- Head coach: Vito Kubilus (player-coach; 1–11) Bill Brownell (player-coach; 2–4)
- Owner: Chase Brass
- Arena: Public Auditorium Euclid Shore High School (Late season games) Notre Dame-Cathedral Latin School (Playoffs)

Results
- Record: 3–15 (.167)
- Playoff finish: Lost NBL Semifinals to Fort Wayne Zollner Pistons, 2–0

= 1943–44 Cleveland Chase Brassmen season =

NBL professional basketball team season

The 1943–44 Cleveland Chase Brassmen season was the first and technically only season of the Cleveland Chase Brassmen playing in the United States' National Basketball League (NBL), which would also be the seventh year the NBL itself existed. However, if one were to count the seasons where they played as the Cleveland Chase Copper Brass team in the Amateur Athletic Union starting as early as 1935 back when the NBL technically first began as the Midwest Basketball Conference, then this would officially be their ninth season of overall play.
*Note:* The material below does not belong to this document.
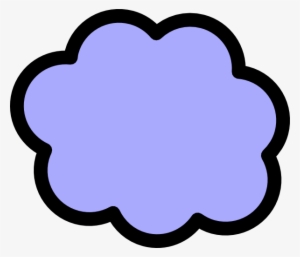 Light Blue Cloud Clip Art - Clipart Light Purple Cloud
The Cleveland Chase Brassmen franchise would get themselves promoted from the Amateur Athletic Union to the NBL (changing their team name from the Cleveland Chase Copper Brass team name they originally had in the process) in order to help ensure that the NBL would even play another season with four teams again after they previously played their prior season with only four teams for a majority of their season earlier on and one of those teams that season in the Chicago Studebaker Flyers (a team the Chase Brassmen did not take their history from despite some claims made at one point in time) left the league early that offseason period.
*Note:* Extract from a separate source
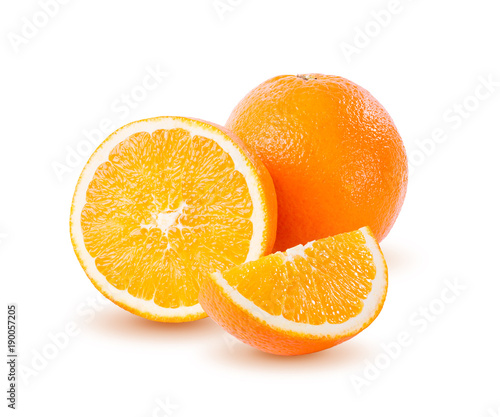 Orange isolated on white background. Full depth of field with clipping path.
Despite the worthwhile intentions made by the NBL, however, their promotion would also showcase the Cleveland squad being a team that was a bit too above their heads in terms of how they'd perform as a professional basketball franchise after previously being an amateur franchise for years, despite the new addition of longtime New York Renaissance center Wee Willie Smith being on their team. While Cleveland ended the 1943 year with only one home win out of four games played against the Oshkosh All-Stars, they would only get two more home games won throughout the rest of the season (with the Chase Brassmen both switching head coach Vito Kubilus with Bill Brownell after their 12th game of the season and being the only NBL team to play 18 games this season when everyone else played the regular 22 games this season) to end the season with a 3–15 season (with all three of their victories being against the Oshkosh All-Stars). Despite Cleveland's poor record and uneven number of games played, the Chase Brassmen would make it to the 1944 NBL Playoffs (albeit by default) with Mel Riebe being the league's leading scorer, though they would end up getting swept by the eventual champion Fort Wayne Zollner Pistons in the semifinal round. After participating in the 1944 World Professional Basketball Tournament, Cleveland would return to the NBL, but they would change sponsorship ownership rights from the Chase Brass and Copper Company to the Allmen Transfer & Moving Company to have the team become the Cleveland Allmen Transfers for the rest of their existence going forward.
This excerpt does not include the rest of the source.